Test of a reactor-based digestion optimization model for nectar-eating rainbow lorikeets

We tested predictions of a chemical reactor model of digestion of glucose solutions by rainbow lorikeets (Trichoglossus haematodus, 125 g). The optimization criterion was the maximization of net energy gain. The predictions were that residence time in the small intestine would be inversely related to sugar concentration, and extraction efficiency would be inversely related to sugar concentration and generally below 90%. Residence time in the small intestine was indexed by the transit time (TT) of the nonabsorbed marker polyethylene glycol (molecular weight = 4,000), and extraction efficiency was measured by the inert indicator ratio technique.
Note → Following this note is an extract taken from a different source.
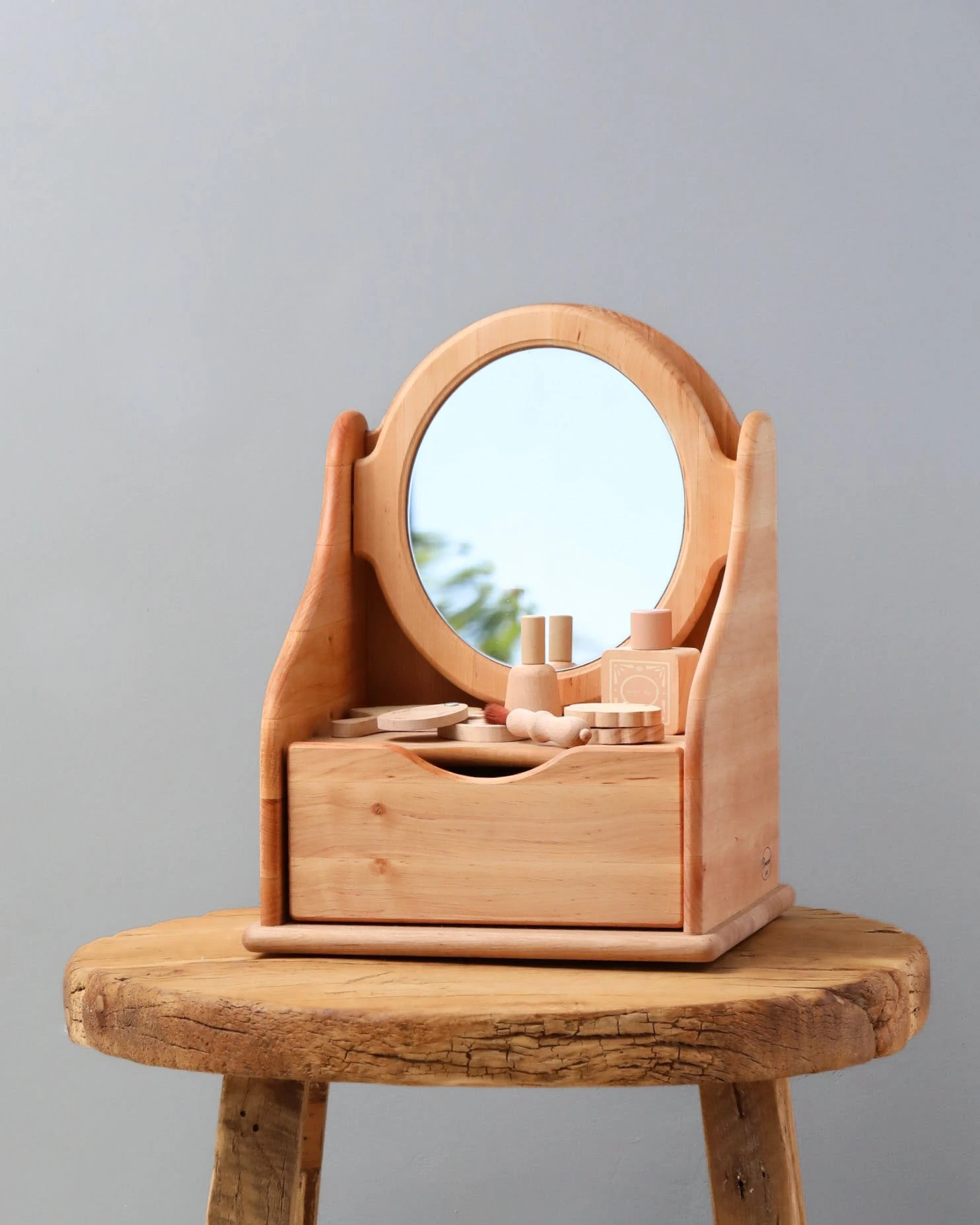 Handmade Wooden Toy Vanity Table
Birds were tested when ingesting 0.4 or 1.2 M D-glucose. All predictions were rejected: TT teas independent of concentration (average = 37 +/- 4 min, n = 7 birds), and extraction efficiency was uniformly very high (98.0% +/- 0.4%) and also not influenced by glucose concentration. At low and high sugar concentration the rates of glucose absorption were similar (average = 4 mmol/h). Extraction efficiency of sucrose solution at one concentration, 1.2 M, was 90.5% +/- 1.0% (n = 6). Stomach-emptying rate appeared slower at high glucose concentration, perhaps owing to negative feedback arising from intestinal receptors. Total (mouth-to-anus) mean retention time was independent of glucose concentration and averaged 88 +/- 12 min. Because the birds were not growing, storing fat, or reproducing, perhaps the assumption about energy maximization was inappropriate. The birds' responses were consistent with the goal of minimizing feeding time.